Laten we het over het Sustainability Living Plan hebben, waarmee Unilever beoogt haar processen en producten te verduurzamen.  

‘Unilever is met afstand de grootste adverteerder van Nederland en heeft het grootste merkenportfolio. Dat schept verplichtingen. We willen en moeten ons verantwoordelijk gedragen. We hebben een grote rol te spelen in de omgevingen waarin we opereren in de hele wereld. Ik zou indertijd niet voor Unilever hebben gekozen als het Unilever Sustainable Living Plan er niet was geweest. Zo belangrijk was het dus voor mij.’

Wie tien jaar geleden koos voor een vak in de marketing, deed dat niet vanwege een duurzaamheidsplan. Hoe is dat in 2014, in een vakgebied waar het toch vooral eerst gaat om het verkopen van producten? Het aantal mensen dat door dit streven voor Unilever kiest, is aanzienlijk, zegt hij. Unilever kan zeer selectief zijn door het grote aantal mensen dat er wil werken. Mensen die het goede willen doen, zegt hij verder. Anders kom je er niet in dienst.

‘Sustainability is zoveel meer dan een marketingtruc van Unilever. Sustainability is onze core business. Als we in dit tempo door blijven consumeren, hebben we drie werelden nodig. Maar we hebben er maar een. Bovendien, als we zo doorgaan, zijn er straks geen grondstoffen meer over. En dan is er nog het consumentenperspectief. Het zal je verbazen hoeveel mensen bezig zijn met een betere wereld. Mensen willen een betere wereld voor hun kinderen. Overal ter wereld.’

Ik durf wel te betwisten dat een meerderheid een duurzame wereld vooropstelt bij het boodschappen doen. Misschien wel op de lange termijn, maar nu willen ze gewoon een lekker toetje. En ze willen er al helemaal niet meer voor betalen.

‘De uitdaging voor ons is juist dat de consument er niet meer voor moet gaan betalen. Neem Knorr. Wij willen dat in 2020 alle ingrediënten en processen honderd procent duurzaam zijn. Inmiddels geldt dat al voor 48 procent. Maar de consument betaalt niet meer. Een auto zonder airbag was tien jaar geleden nog mogelijk. Nu koop je geen nieuwe auto meer als er geen airbag in zit. Zo moet je dat zien.’   

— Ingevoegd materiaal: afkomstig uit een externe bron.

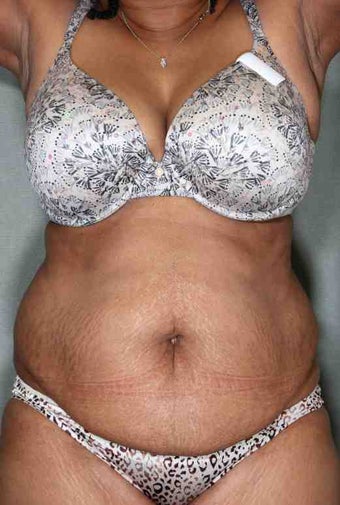 50 Year Female Liposuction Upper/Lower Abs before 1046606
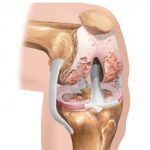 Основные симптомы остеартроза колена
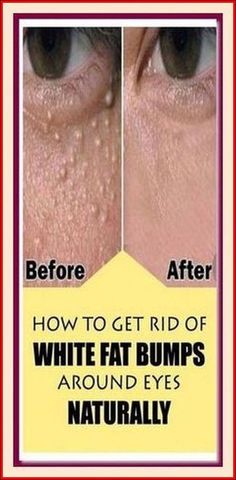 Say Goodbye to Fat Bumps Naturally! Bump, Say Hello, Nature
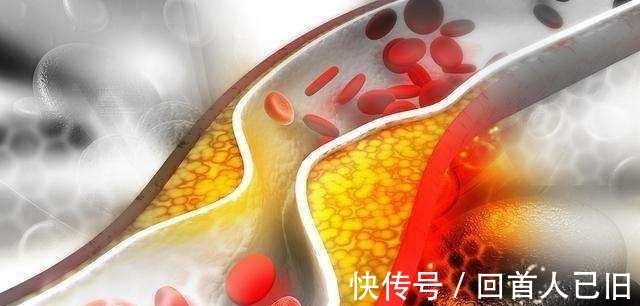 梓醇|中风的“罪魁祸首”是血栓, 记牢两个字血栓不上身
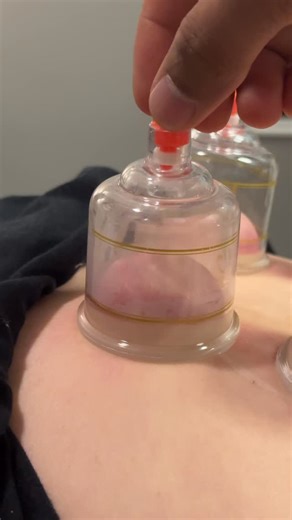 Dr. Parth S Sharma | Alternative Healthcare Specialist on Instagram: "🏆What is Cupping Therapy? ⚫️Cupping therapy involves placing cups on the skin to create suction, which lifts the muscle and fascia, promoting blood flow, reducing inflammation, and releasing deep-seated tension. ⚫️How it works: The suction created by the cups helps to release tight muscles, increase mobility, and improve recovery. It’s perfect for breaking up scar tissue or relieving soreness after a hard workout or co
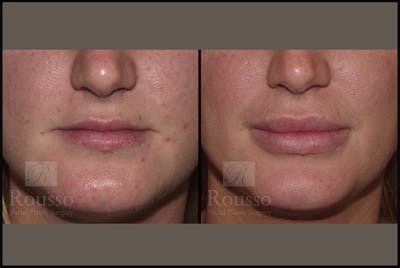 Fillers Before & After Gallery - Patient 4412631 - Image 1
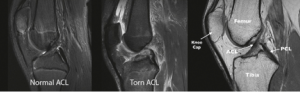 ACL Tear MRI for Cross Bracing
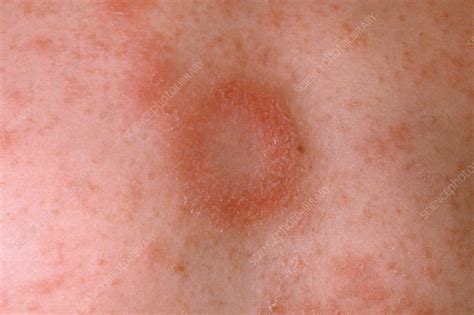 Pityriasis Rosea Stock Image C Science Photo L Vrogue Co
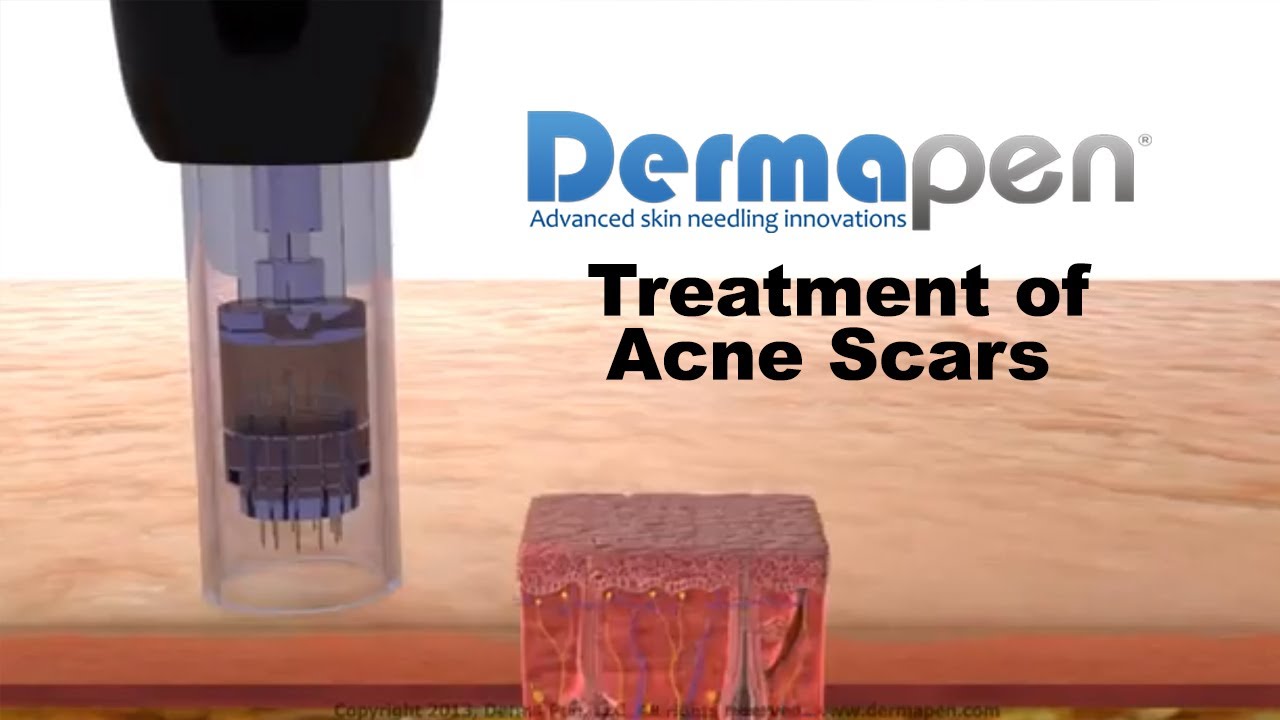 MicroNeedling for Acne Scars – Dermapen® Treatment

Is de consument wel klaar voor een standaard van duurzame producten? Zal de perceptie niet zijn dat Unilever dure A-merken maakt, omdat ze duurzaam zijn?

‘De consument wil ergens niet voor betalen als de prijs-kwaliteitverhouding niet goed is. Is die wel goed, dan heeft ieder merk kans van slagen, mits het  innovatie-, activatie- en communicatie op orde heeft en het voor de consument relevant is. Mijn ervaring is dat mensen willen betalen voor een goede prijs-kwaliteitverhouding. Die one size fits all-benadering van de crisis: dat niemand meer wil betalen voor goede producten, die zie ik gewoon helemaal niet.’ 

Misschien is sustainability voor A-merken wel een geweldige kans?

‘Wat zijn de unique selling points van een merk, dat is voor ons de vraag. Als blijkt dat de markt er rijp voor is, dan zullen we onze sustainability-uitgangspunten meer gaan uitdragen. Het gaat zo snel als de consument wil dat we gaan. Neem de Magnum. We gebruiken allang cacao die voldoet aan de criteria van de Rainforest Alliance. Het is niet de reden dat mensen voor een Magnum kiezen, in ieder geval niet massaal, maar het wordt steeds belangrijker dat we die cacao gebruiken.’

Wat is eigenlijk het idee achter de Magnum stores, waar je zelf je ijsje kunt pimpen?

‘Het creëren van magische merkbelevenissen. Pure branding. Je hebt over de hele wereld mensen die het leuk vinden om een uur in de rij te staan om daarna hun identiteit te kunnen manifesteren in de samenstelling van hun ijsje en dat online willen delen. Het appelleert aan verschillende trends in de samenleving. We doen het niet voor onze omzet. Normaal zouden we een hoger rendement op onze investeringen willen. Maar ik weet daarnaast één ding zeker: als de Magnum met slechte grondstoffen gemaakt zou worden, zouden we een stuk minder succesvol zijn. Magnum groeit niet voor niks zo hard. Het telt mee, al zal het dan niet de hoofdreden zijn en je kunt je zelfs afvragen of het ooit de hoofdreden wordt.’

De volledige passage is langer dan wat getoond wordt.